A PE file includes .text, .data, and sometimes .bss sections like a Unix
executable (usually under those names, in fact) as well as a lot of
Windows-specific sections.

Exports: A list of the symbols defined in this module and visible to other
modules. EXE files typically export no symbols, or maybe one or two for
debugging. DLLs export symbols for the routines and data that they provide.
In keeping with Windows space saving tradition, exported symbols can be
references via small integers called export ordinals as well as by names. The
exports section contains an array of the RVAs of the exported symbols. It
also contains two parallel arrays of the name of the symbol (as the RVA of an
ASCII string), and the export ordinal for the symbol, sorted by string name. To
look up a symbol by name, perform a binary search in the string name table,
then find the entry in the ordinal table in the position corresponding to the
found name, and use that ordinal to index the array of RVAs. (This is
arguably faster than iterating over an array of three-word entries.) Exports
can also be ``forwarders'' in which case the RVA points to a string naming
the actual symbol which is found in another library.
Imports: The imports table lists all of the symbols that need to be resolved at
load time from DLLs. The linker predetermines which symbols will be found in
which DLLs, so the imports table starts with an import directory, consisting of
one entry per referenced DLL. Each directory entry contains the name of the
DLL, and parallel arrays one identifying the required symbols, and the other
being the place in the image to store the symbol value. The entries in the
first value can be either an ordinal (if the high bit is set), or a pointer
to a name string preceded by a guess at the ordinal to speed up the search. The
second array contains the place to store the symbol's value; if the symbol
is a procedure, the linker will already have adjusted all calls to the symbol
to call indirectly via that location, if the symbol is data, references in
the importing module are made using that location as a pointer to the actual
data. (Some compilers provide the indirection automatically, others require
explicit program code.)
Resources: The resource table is organized as a tree. The structure supports
arbitrarily deep trees, but in practice the tree is three levels, resource
type, name, and language. (Language here means a natural language, this permits
customizing executables for speakers of languages other than English.) Each
resource can have either a name or and numbers. A typical resource might be
type DIALOG (Dialog box), name ABOUT (the About This Program box), language
English. Unlike symbols which have ASCII names, resources have Unicode names to
support non-English languages. The actual resources are chunks of binary data,
with the format of the resource depending on the resource type.
Thread Local Storage: Windows supports multiple threads of execution per
process. Each thread can have its own private storage, Thread Local Storage
or TLS. This section points to a chunk of the image used to initialize TLS when
a thread starts, and also contains pointers to initialization routines to call
when each thread starts. Generally present in EXE but not DLL files, because
Windows doesn't allocate TLS storage when a program dynamically links to a DLL.
(See Chapter 10.)
Fixups: If the executable is moved, it is moved as a unit so all fixups have
the same value, the difference between the actual load address and the target
address. The fixup table, if present, contains an array of fixup blocks, each
containing the fixups for one 4K page of the mapped executable. (Executables
with no fixup table can only be loaded at the linked target address.) Each
fixup block contains the base RVA of the page, the number of fixups, and an
array of 16 bit fixup entries. Each entry contains in the low 12 bits the
offset in the block that needs to be relocated, and in the high 4 bits the
fixup type, e.g., add 32 bit value, adjust high 16 bits or low 16 bits (for
MIPS architecture). This block-by-block scheme saves considerable space in
the relocation table, since each entry can be squeezed to two bytes rather than
the 8 or 12 bytes the ELF equivalent takes.

Running a PE executable

Starting a PE executable process is a relatively straightforward procedure.

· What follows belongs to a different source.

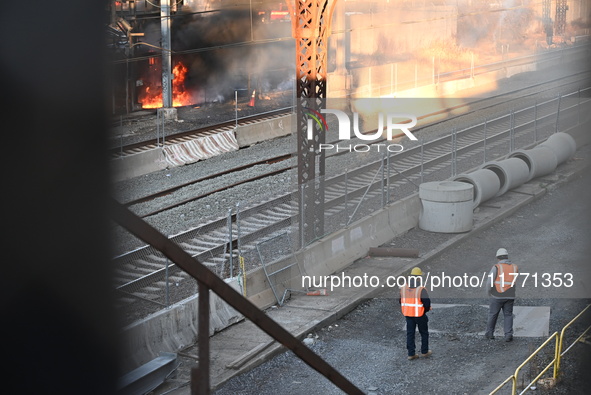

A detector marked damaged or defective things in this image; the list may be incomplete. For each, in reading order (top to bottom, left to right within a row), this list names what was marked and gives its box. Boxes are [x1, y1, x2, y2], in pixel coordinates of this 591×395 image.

rusty steel beam [108, 200, 364, 394]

Read in the first page of the file with the DOS header, PE header, and
section headers.
Determine whether the target area of the address space is available, if not
allocate another area.
Using the information in the section headers, map all of the sections of the
file to the appropriate place in the allocated address space.
If the file is not loaded into its target address, apply fixups.
Go through the list of DLLs in the imports section and load any that aren't
already loaded. (This process may be recursive.)
Resolve all the imported symbols in the imports section.
Create the initial stack and heap using values from the PE header.
Create the initial thread and start the process.

PE and COFF

A Windows COFF relocatable object file has the same COFF file header and
section headers as a PE, but the structure is more similar to that of a
relocatable ELF file. COFF files don't have the DOS header nor the optional
header following the PE header. Each code or data section also carries along
relocation and line number information. (The line numbers in an EXE file, if
any, are collected in in a debug section not handled by the system loader.)
COFF objects have section-relative relocations, like ELF files, rather than RVA
relative relocations, and invariably contain a symbol table with the symbols
needed. COFF files from language compilers typically do not contain any
resources, rather, the resources are in a separate object file created by a
specialized resource compiler.

COFF files can also have several other section types not used in PE. The most
notable is the .drective section which contains text command strings for the
linker. Compilers usually use .drective to tell the linker to search the
appropriate language-specific libraries. Some compilers including MSVC also
include linker directives to export code and data symbols when creating a DLL.
(This mixture of commands and object code goes way back; IBM linkers
accepted mixed card decks of commands and object files in the early 1960s.)

PE summary

The PE file format is a competent format for a linearly addressed operating
system with virtual memory, with only small amounts of historical baggage
from its DOS heritage. It includes some extra features such as ordinal
imports and exports intended to speed up program loading on small systems,
but of debatable effectiveness on modern 32 bit systems. The earlier NE
format for 16 bit segmented executables was far more complicated, and PE is a
definite improvement.

Intel/Microsoft OMF files

The penultimate format we look at in this chapter is one of the oldest
formats still in use, the Intel Object Module Format. Intel originally
defined OMF in the late 1970s for the 8086. Over the years a variety of
vendors, including Microsoft, IBM, and Phar Lap (who wrote a very widely used
set of 32 bit extension tools for DOS), defined their own extensions. The
current Intel OMF is the union of the original spec and most of the extensions,
minus a few extensions that either collided with other extensions or were
never used.

All of the formats we've seen so far are intended for environments with
random access disks and enough RAM to do compiler and linker processing in
straightforward ways. OMF dates from the early days of microprocessor
development when memories were tiny and storage was often punched paper tapes.
As a result, OMF divides the object file into a series of short records,
Figure 25. Each record contains a type byte, a two-byte length, the contents,
and a checksum byte that makes the byte-wise sum of the entire record zero.
(Paper tape equipment had no built-in error detection, and errors due to dust
or sticky parts were not rare.) OMF files are designed so that a linker on a
machine without mass storage can do its job with a minimum number of passes
over the files. Usually 1 1/2 passes do the trick, a partial pass to find the
symbol names which are placed near the front of each file, and then a full pass
to do the linking and produce the output.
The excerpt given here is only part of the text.